Pierre Sopor 12 septembre 2017

Avec LACRIMOSA, on sait qu'on ne doit pas s'attendre à une musique respirant franchement la joie de vivre, et alors que le duo approche la trentaine d'années d'activité, rien ne semble indiquer que les choses vont s'améliorer. Avec un treizième album (les superstitieux apprécieront) à l'artwork toujours aussi baroque et travaillé baptisé Testimonium, que l'on traduirait instinctivement par "testament" mais signifie en fait "témoin" (les deux mots n'étant pas si éloignés que ça), LACRIMOSA nous propose une nouvelle succession d'hymnes funèbres remplies de mélancolie, d'envolées symphoniques et de riffs de guitare toujours plus lourds.

Testimonium est un album avec un concept particulier, rendu explicite par le premier titre, Wenn Unsere Helden Sterben ("quand nos héros meurent") : le disque rend hommage à la pléthore d'artistes morts en 2016, qu'il s'agisse de musiciens comme DAVID BOWIE (dont on sait que Tilo Wolf est un grand fan), LEONARD COHEN et PRINCE ou des actrices Carrie Fisher et Debbie Reynolds. D'emblée, si l'hommage est bien-sûr sincère, cela place Testimonium dans une situation particulière : comme d'habitude, le goût exacerbé de LACRIMOSA pour le macabre et la tristesse flirte avec un too-much dont le second degré (voulu ou non) transparaît plus dans les mimiques de son chanteur que dans les textes. Ce long requiem s'étale donc sur dix morceaux, divisés en quatre actes. Le début peut surprendre, le premier titre commence en effet sur un son de morceau se terminant en live. La voix de Tilo Wolff, accompagnée d'un piano semble ensuite très proche, créant une atmosphère d'intimité et laissant petit à petit le morceau s'installer. Quand les guitares se mettent en action, on se souvient que LACRIMOSA est loin de renier son orientation plus metal. N'en déplaise à certains fans parfois sceptiques, c'est maîtrisé. L'orchestration donne une teinte épique au morceau lors de refrains toujours très démonstratifs, et le résultat est efficace et convaincant. Sur Nach dem Sturm, l'ambiance se fait plus pesante et funèbre (pour un peu, on penserait au titre Shakal) alors que les guitares lorgnent du côté du doom. Zwischen allen Stülhen vient dynamiter tout ça avec son rythme enlevé en démarrant un deuxième acte marqué par la brutalité de Weltenbrand aux velléités proches du black metal avec ses guitares furieuses pendant que Wolff hurle à la lune.

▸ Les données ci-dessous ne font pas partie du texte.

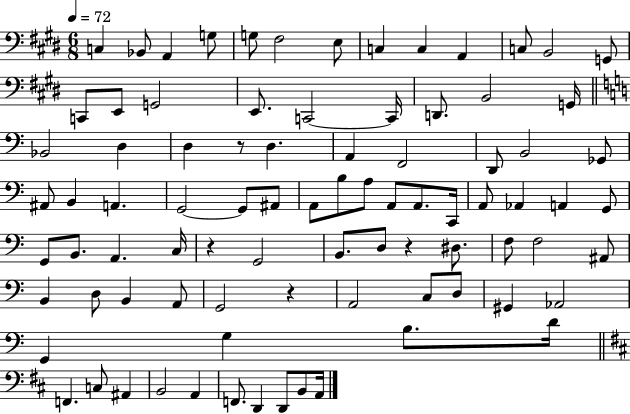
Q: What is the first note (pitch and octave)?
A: C3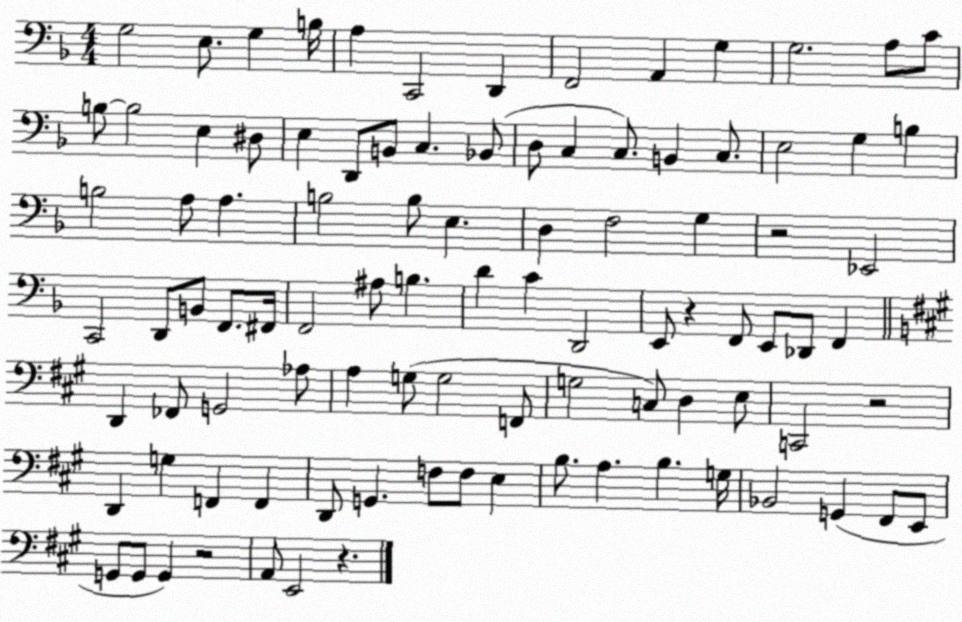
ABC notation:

X:1
T:Untitled
M:4/4
L:1/4
K:F
G,2 E,/2 G, B,/4 A, C,,2 D,, F,,2 A,, G, G,2 A,/2 C/2 B,/2 B,2 E, ^D,/2 E, D,,/2 B,,/2 C, _B,,/2 D,/2 C, C,/2 B,, C,/2 E,2 G, B, B,2 A,/2 A, B,2 B,/2 E, D, F,2 G, z2 _E,,2 C,,2 D,,/2 B,,/2 F,,/2 ^F,,/4 F,,2 ^A,/2 B, D C D,,2 E,,/2 z F,,/2 E,,/2 _D,,/2 F,, D,, _F,,/2 G,,2 _A,/2 A, G,/2 G,2 F,,/2 G,2 C,/2 D, E,/2 C,,2 z2 D,, G, F,, F,, D,,/2 G,, F,/2 F,/2 E, B,/2 A, B, G,/4 _B,,2 G,, ^F,,/2 E,,/2 G,,/2 G,,/2 G,, z2 A,,/2 E,,2 z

Et alors que le deuxième acte s'achève sur la très belle Lass die Nacht Niht Über mich Fallen et son orchestration en apothéose évoquant le boulot de Clint Mansell sur The Fountain, on est rassurés : Testimonium est un bon crû, plus séduisant et subtil que le précédent Hoffnung, laissant au duo démontrer sa maîtrise de différents genres, entre metal gothique et darkwave, et sa capacité à créer des ambiances élégantes et riches si distinctives. Il y a même un hymne fédérateur assez amusant (Herz und Verstand) qui donnera aux marins fans de LACRIMOSA (ça existe ?) un truc à fredonner en mer. Certes, les parties les plus metal ne sont pas toujours des plus abouties (Black Wedding Day ne brille pas par l'originalité de ses riffs) mais apportent un mordant indéniable à la musique des allemands, qui réussissent à éviter les fautes de goût tout au long de l'album (sauf peut-être sur My Pain). Le morceau titre en conclusion, du haut de ses impressionnantes dix minutes, est tout particulièrement marquant avec sa lourdeur, la lenteur et la noirceur qu'il dégage. Il faut dire qu'on commençait à prendre nos aises et trouver ses funérailles un peu trop chaleureuses. Il devenait urgent de plomber un dernier coup l'atmosphère. 

Testimonium est une illustration de ce que LACRIMOSA peut faire de mieux. Avec Tilo Wolff qui contrôle son chant et évite de (trop) en faire, des atmosphères délicieusement macabres, des parties symphoniques toujours très élaborées et quelques guitares bien lourdes pour épicer le tout. Une belle oeuvre, une fois encore, à l'esthétique sonore travaillée et qu'il serait dommage de bouder.